Uncut described the album as "a slightly pointless retrospective" while AllMusic said that many of the songs "remain so close to the original arrangements they merely retread the floorboards with slightly more polish and greater fidelity... There isn't anything inherently 'wrong' with the music on Across Six Leap Years [but] this feels more like a shoulder shrug than an anniversary celebration". NME observed that "the 'improvements' here are virtually imperceptible for those of us unconcerned with rim-tap reverb. You suspect Stuart Staples wanted to re-sing 'A Night In' while simply smoking a better brand of French cigarette, but Across... is nonetheless a very fond retread around the outskirts of a dank, delectable career." Mojo described the album as "unreservedly recommended, but for the uninitiated and obsessives only", while Pitchfork Media offered the opinion that "these songs don't stray far from the original pieces, instead working as tasteful updates that add a dab of cohesion that was never needed in the first place." Record Collector stated that "many of these reworks are so slightly different as to possibly only truly satisfy the [fans], but no matter.
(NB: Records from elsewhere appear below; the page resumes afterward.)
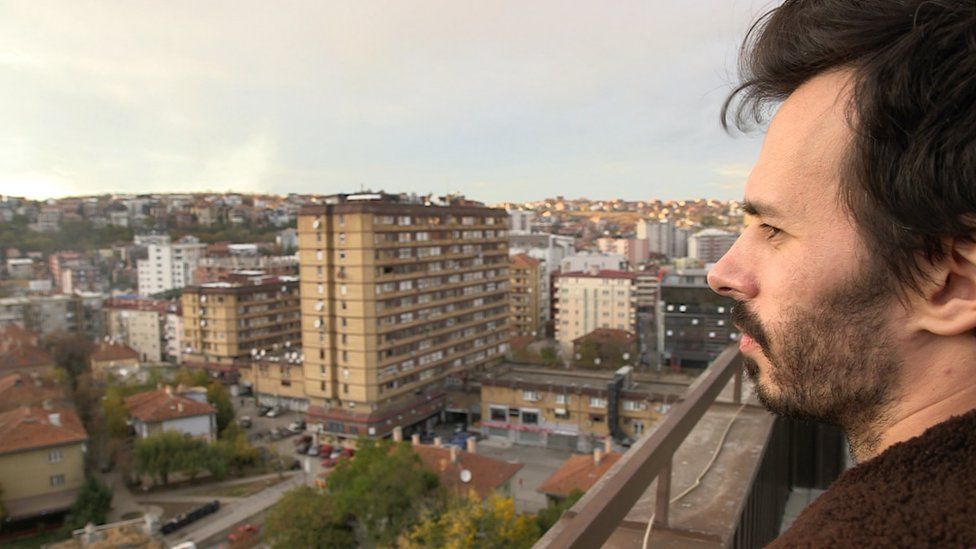 Carl Miller looks over the city of Pristina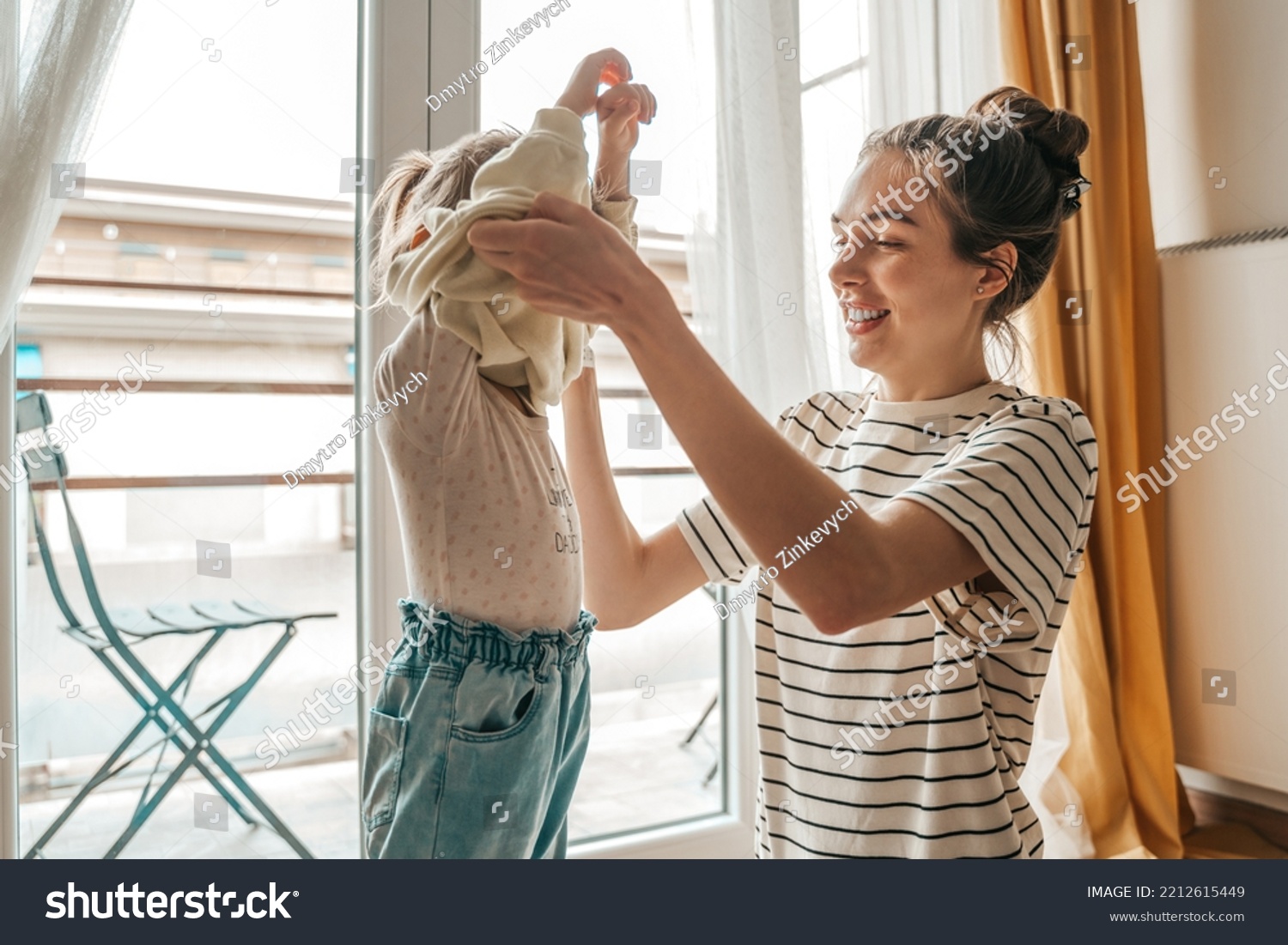Loving mother dressing her daughter by the window #2212615449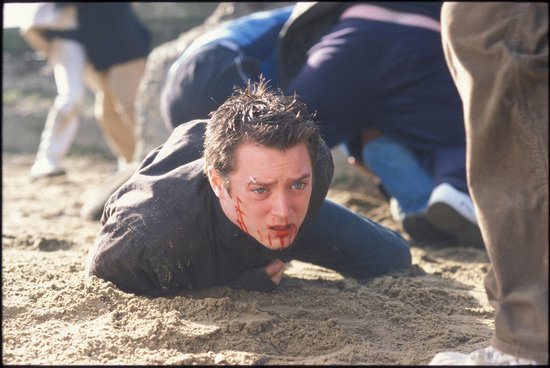 Elijah Wood met bloed op zijn gezicht, liggend op het zand, met blauwe ogen en een donkere jas.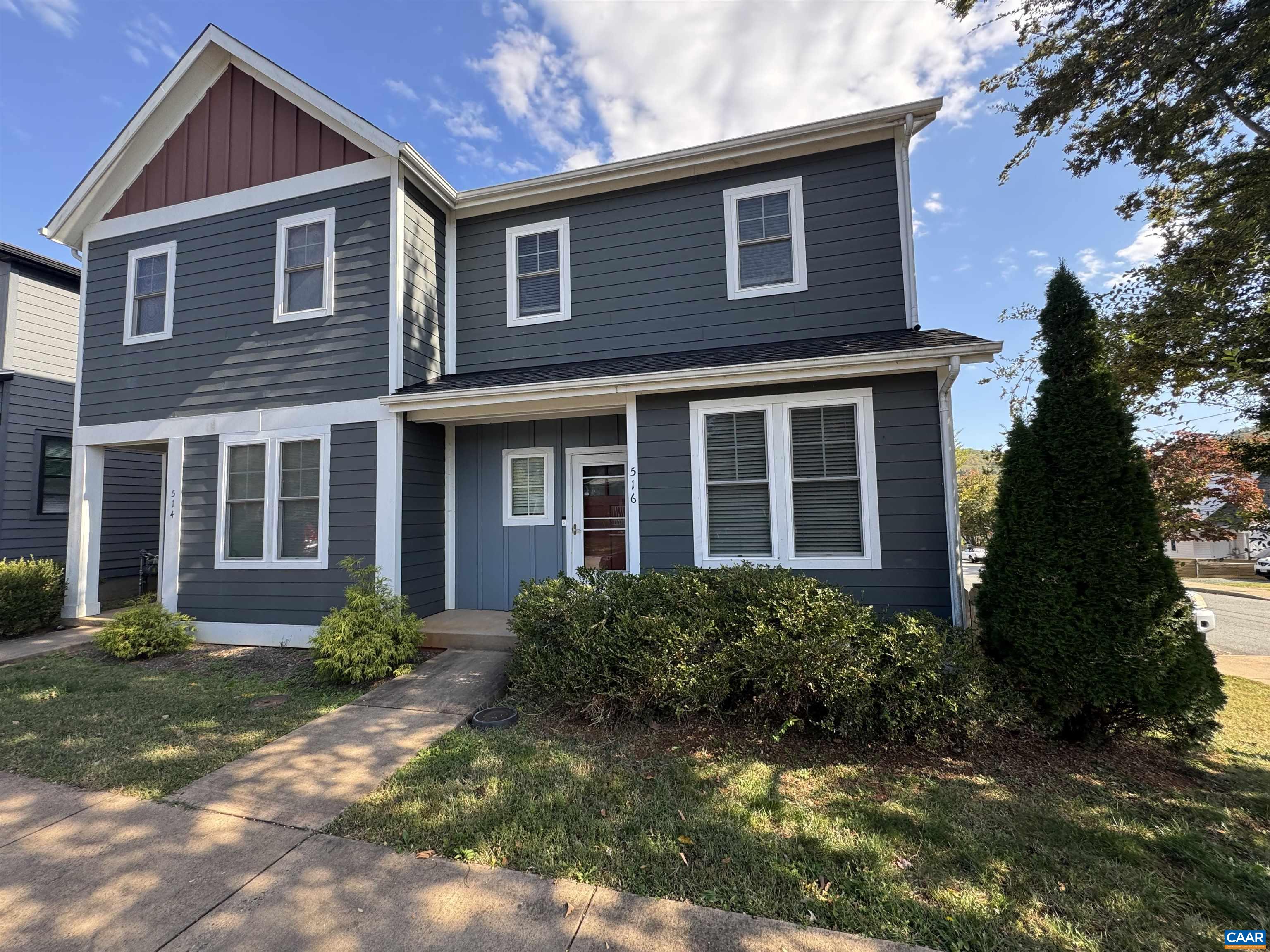 a front view of a house with garden and porch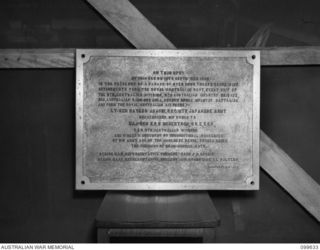 LAE, NEW GUINEA, 1946-01-09. THE BRONZE PLAQUE (SIZE 16 X 19 INCHES) TO COMMEMORATE THE SIGNING OF THE JAPANESE SURRENDER AT WEWAK, WHICH IS TO BE PLACED ON THE MONUMENT IN THE FORM OF A CONCRETE ..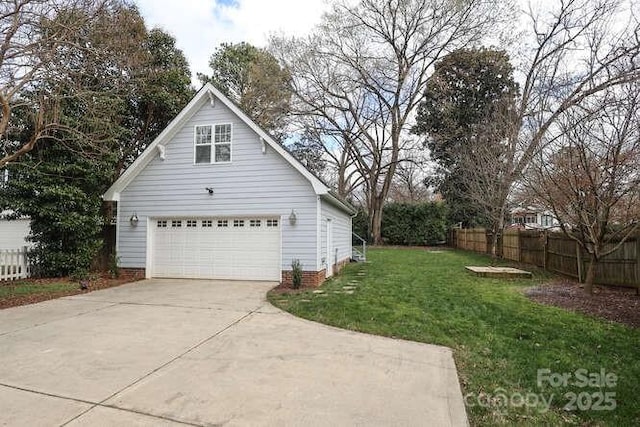 view of home's exterior with a garage, a yard, and fence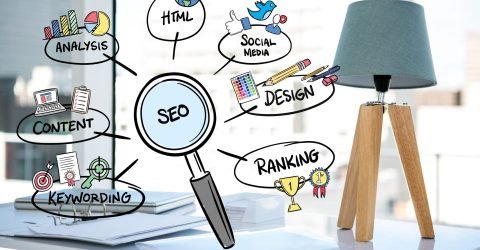 "SEO concept illustration with a magnifying glass surrounded by hand-drawn icons for analysis, HTML, social media, design, ranking, content, and keywording, on an office desk with a wooden tripod lamp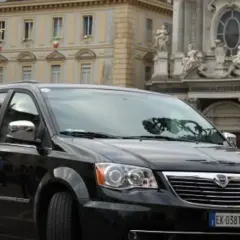 Czarny Lancia Voyager na tle zabytkowej architektury.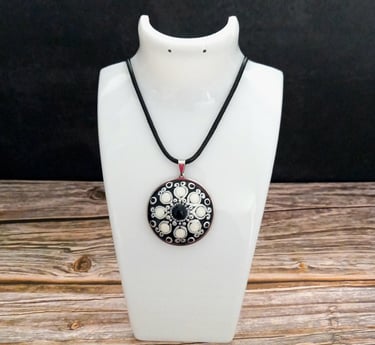 a necklace with a black and white flower pendant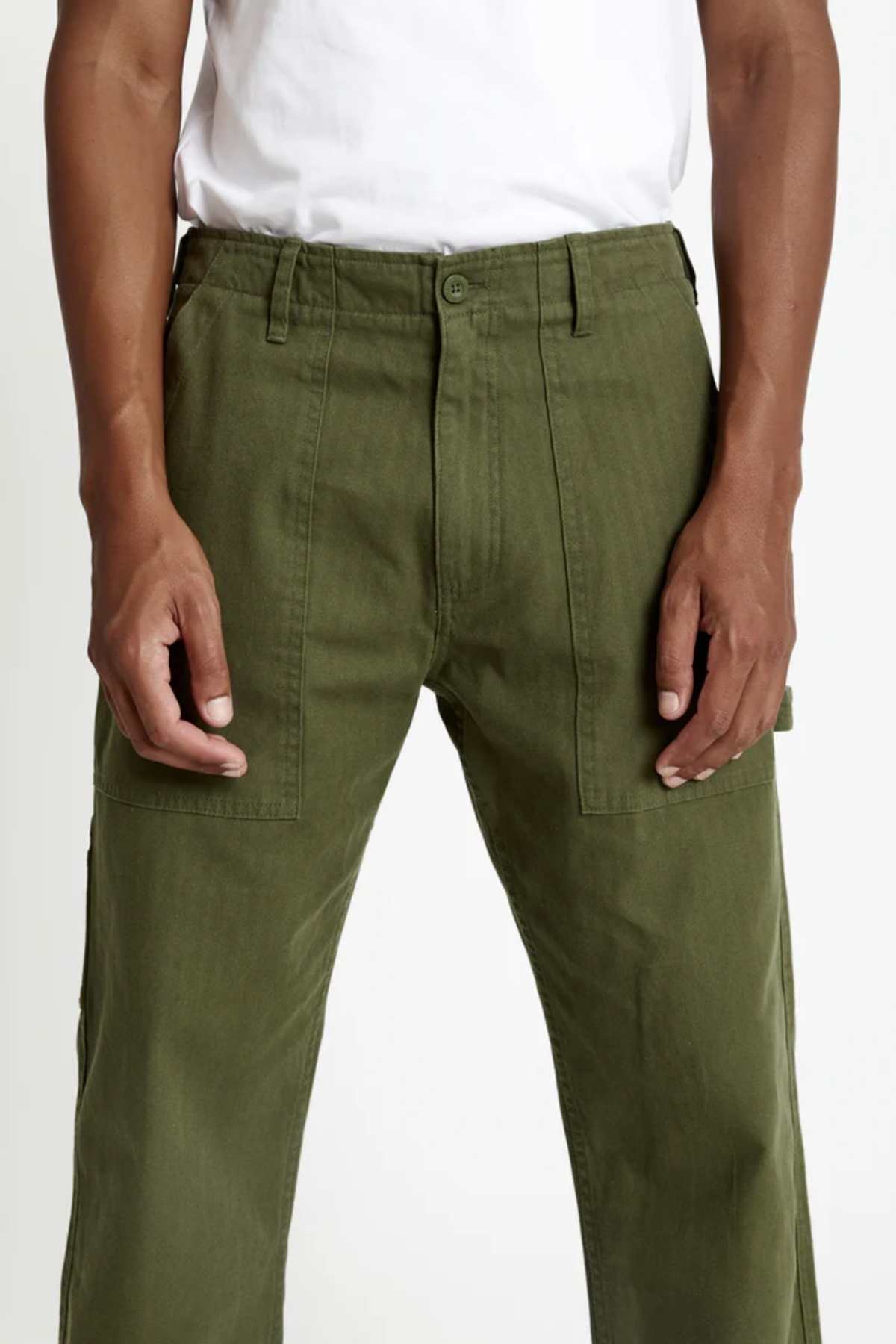 A person wearing the Mr Simple Carpenter Pant in olive green with large front pockets and a white t-shirt, shown from waist to mid-thigh. The workwear-inspired design combines style and functionality.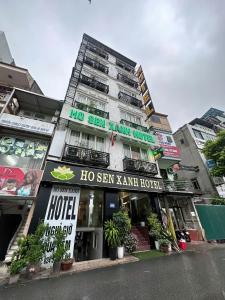 a building with a hotel on the side of the street at Hồ Sen Xanh Hotel Hà Nội in Hanoi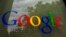FILE - The Google logo on a window at the company's headquarters in Mountain View, Calif. 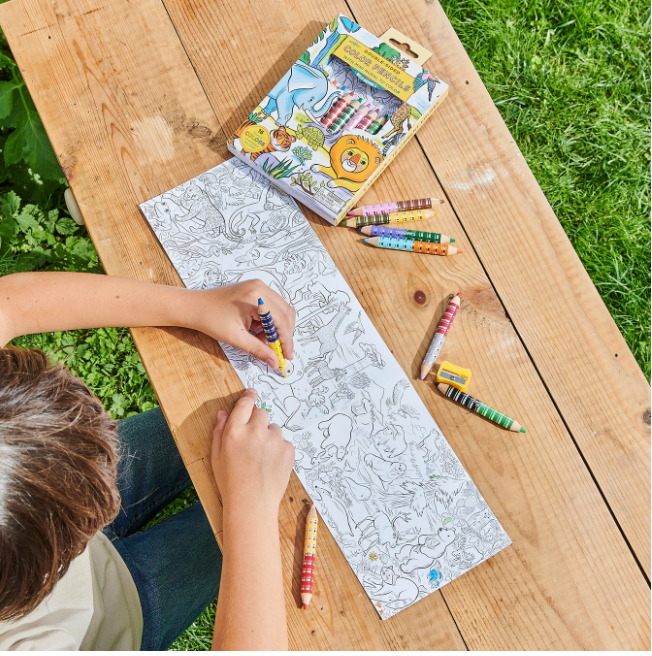 Child coloring a detailed fold-out mini mural of wild animals with Colored Pencils & Mini Mural | Wild Animals set outdoors.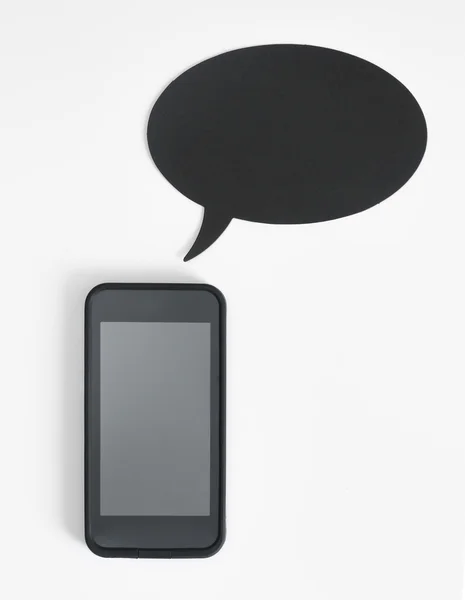 Smartphone and speech bubble with copyspace — Stock Photo, Image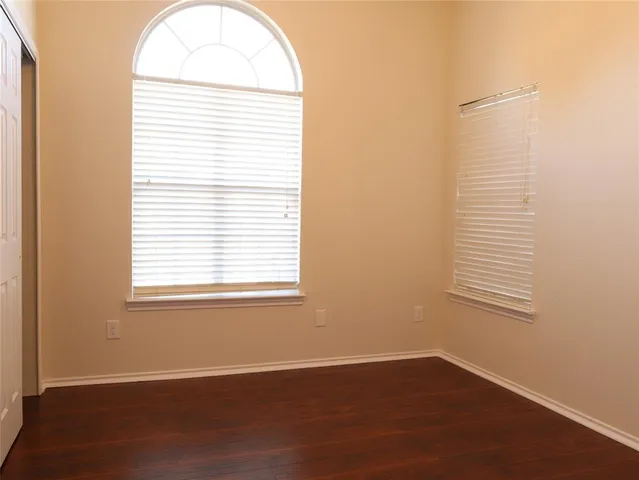 an empty room with wooden floor and a window
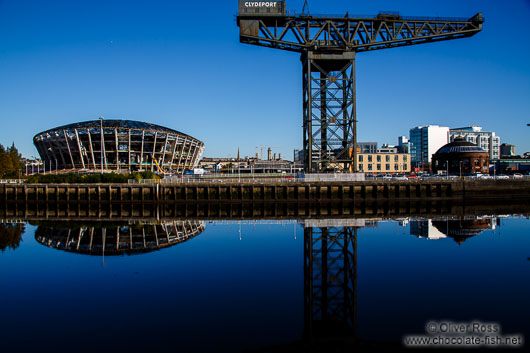 Glasgow River Clyde with disused dock crane and stadium
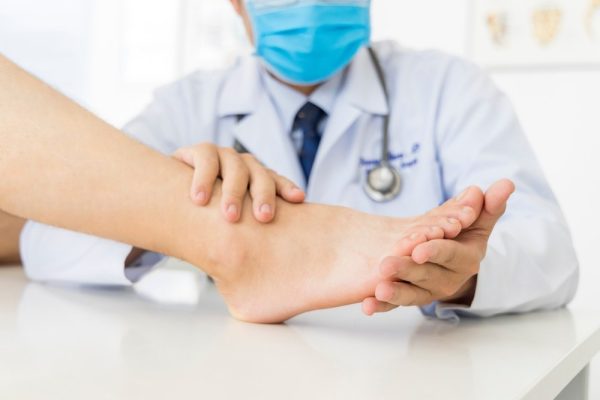 Doctor examining the foot of a patient in Ohr medical clinic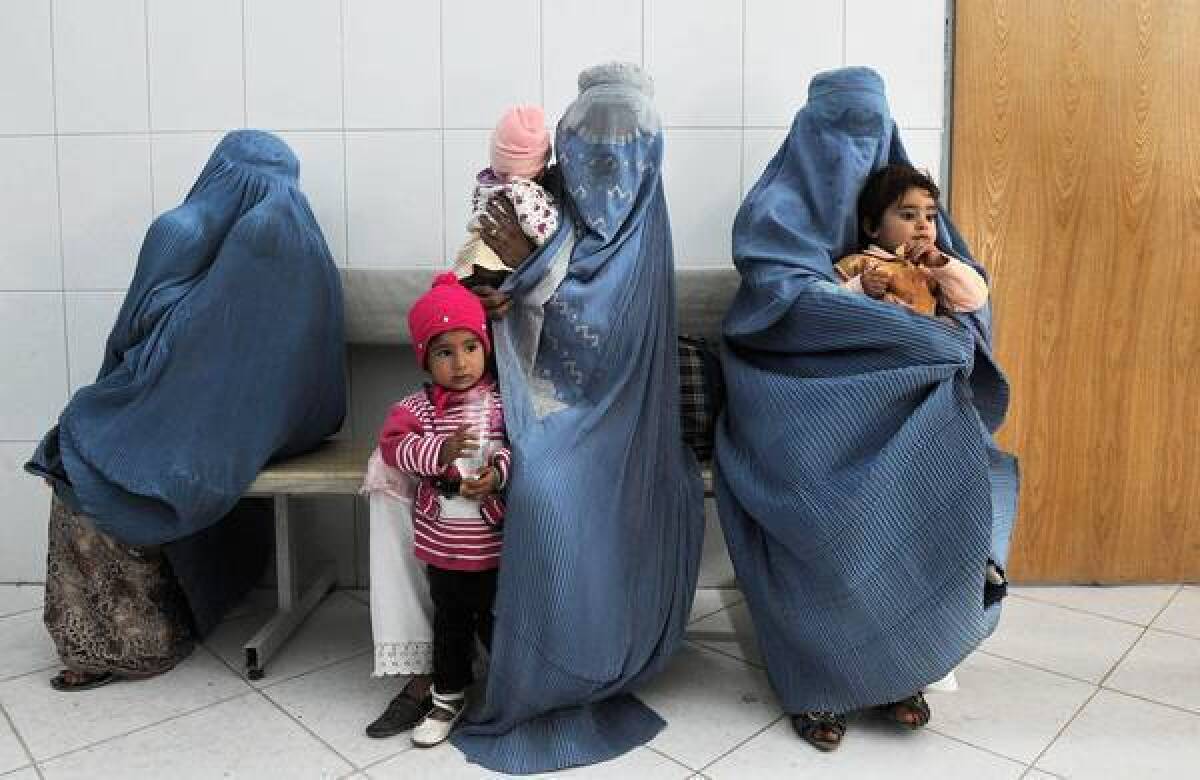 Afghan women wait in Herat to have their children vaccinated against polio. One volunteer vaccination worker was slain last weekend in Kapisa, north of Kabul, the Afghan capital.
A great song is a great song is a great song."

Professional ratings
Aggregate scores
| Source | Rating |
| Metacritic | 68/100 |
Review scores
| Source | Rating |
| AllMusic | Star |
| Mojo | Star |
| NME | 7/10 |
| Pitchfork | 7.4/10.0 |
| Record Collector | Star |
| Time Out London | Star |
| Uncut | Star Half star |

==Track listing==

| No. | Title | Writer(s) | Original version appeared on | Length |
|---|---|---|---|---|
| 1. | "Friday Night" | Stuart Staples | Lucky Dog Recordings 03–04 | 5:30 |
| 2. | "Marseilles Sunshine" | Staples | Lucky Dog Recordings 03–04 | 4:31 |
| 3. | "She's Gone" | David Boulter, Mark Colwill, Neil Fraser, James Richard Hinchliffe, Alistair Macaulay, Staples | Tindersticks (1995 album) | 3:44 |
| 4. | "Dying Slowly" | Boulter, Hinchliffe, Staples | Can Our Love... | 4:28 |
| 5. | "If You're Looking for a Way Out" | Sandy Linzer | Simple Pleasure | 4:42 |
| 6. | "Say Goodbye to the City" | Boulter, Colwill, Fraser, Hinchliffe, Macaulay, Staples | Waiting for the Moon | 4:42 |
| 7. | "Sleepy Song" | Boulter, Colwill, Fraser, Hinchliffe, Macaulay, Staples | Tindersticks (1995 album) | 4:40 |
| 8. | "A Night In" | Boulter, Colwill, Fraser, Hinchliffe, Macaulay, Staples | Tindersticks (1995 album) | 6:54 |
| 9. | "I Know That Loving" | Boulter, Hinchliffe, Macaulay, Staples | Simple Pleasure | 6:46 |
| 10. | "What Are You Fighting For?" | Staples | 2008 tour-only 7" single | 4:10 |

==Personnel==
- Tindersticks
- David Boulter – piano, Hammond organ, Fender Rhodes electric piano, percussion
- Neil Fraser – electric guitar, acoustic guitar
- Earl Harvin – drums, backing vocals
- Dan McKinna – bass guitar, backing vocals
- Stuart A. Staples – vocals, electric guitar, acoustic guitar, percussion

- Additional personnel
- Natalia Bonner – violin
- Harry Brown – trombone on "A Night In" and "I Know That Loving"
- Charlie Cross – viola
- Calina de la Mare – violin on "She's Gone"
- Alison Dods – violin
- Terry Edwards – trumpet on "Marseilles Sunshine", "Dying Slowly", "Say Goodbye to the City" and "Sleepy Song"; baritone saxophone on "Say Goodbye to the City"
- Gina Foster – backing vocals
- Howard Grott – violin
- Caroline Hall – trombone on "Dying Slowly"
- Rick Koster – violin
- Oliver Kraus – cello
- Andy Nice – tenor saxophone on "Say Goodbye to the City"; solo cello on "Sleepy Song"
- Louise Peacock – violin
- Rachel Robson – viola
- Julian Siegel – tenor saxophone on "A Night In" and "I Know That Loving"
- Julia Singleton – violin
- Sophie Sirota – viola
- Robert Spriggs – viola on "She's Gone"
- Byron Wallen – trumpet on "A Night In" and "I Know That Loving"
- Lucy Wilkins – violin on "She's Gone"
- Sarah Willson – cello on "She's Gone"
- Jason Yarde – baritone saxophone on "A Night In" and "I Know That Loving"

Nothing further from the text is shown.